Why waste time thinking and researching when fighting a social injustice? Well, one might find oneself beset by the misfortunes graphically enumerated by 2015's The Green Inferno, a work of effective horror and devious pleasure.
Unsurprisingly, this film by Eli Roth, the director of the Hostel movies, has been misinterpreted by its critics. Actually, misinterpreted is too kind as it's clear to me from reading reviews on Rotten Tomatoes that most of its detractors did not see the film or if they did they certainly didn't stay for the end. I was surprised, because of the way this film's talked about, to find this movie is nowhere near as gory as Hostel and certainly not as shocking as Cannibal Holocaust, the mid-80s exploitation film among several to which Roth pays tribute with his film.
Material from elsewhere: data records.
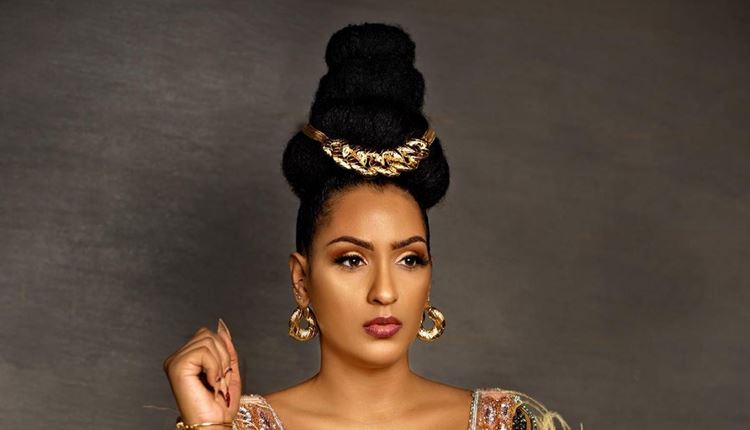 ‘You’re A True King And Leader’ —Juliet Ibrahim Extols Prince Harry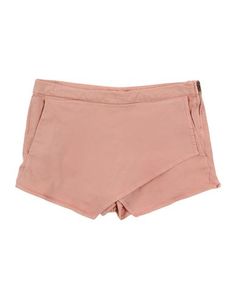 Повседневные шорты Scotch Rbelle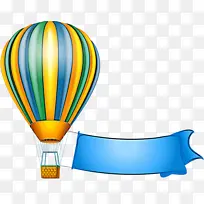 热气球 气球 汽车-空若网 热气球 气球 汽车-空若网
Justine (Lorenza Izzo) is the pretty daughter of an attorney for the United Nations. New to college, she becomes used to seeing protesters organising hunger strikes for janitor healthcare and other issues. When she meets the charismatic leader of one group, Alejandro (Ariel Levy), she ends up joining them on a trip to Peru and becoming part of a human wall to block bulldozers in the process of deforesting an area where an uncontacted tribe, the fictional Yawa, dwell. They seem to succeed but as they head home their plane catches fire, crashes, and they're captured by the very tribe they'd been protecting, a tribe that turns out to practice cannibalism.
While the tribe is fictional, it's not outside the realm of possibility for cannibalism to be practised in an isolated tribe in South America. Cannibalism, while relatively rare, is known to have been practised throughout South America and Mesoamerica. More prevalent was human sacrifice and ritual mutilation. The civilisations inhabiting the area, the Chimu and the Inca, were known to carry out human sacrifice. The ironic situation shown in the film, Justine taking up the cause of ridding the world of female genital mutilation only to get caught up in saving a group who carries out the very practice, is certainly plausible. However, critics who insist the film is a dangerous work of anti-indigenous people propaganda miss the film's fundamental statement. This statement became clear to me early on when we see Justine retrieve her necklace from where she keeps it underneath a copy of Moby Dick.
Like Captain Ahab's personal vendetta against the whale having little or nothing to do with the reality of the whale itself, Justine and her fellow activists create a world for themselves that has much more to do with proving themselves to their parents or peers than the real issues at the centre of their endeavours.
The film may be at its best in the first act. It builds tension beautifully as we see Justine go from the safe environment at college slowly into a world more alien to her. We see her and the other activists in an unfamiliar Peruvian city and then on the river in some beautiful location footage with which Roth said he wished to emulate Werner Herzog.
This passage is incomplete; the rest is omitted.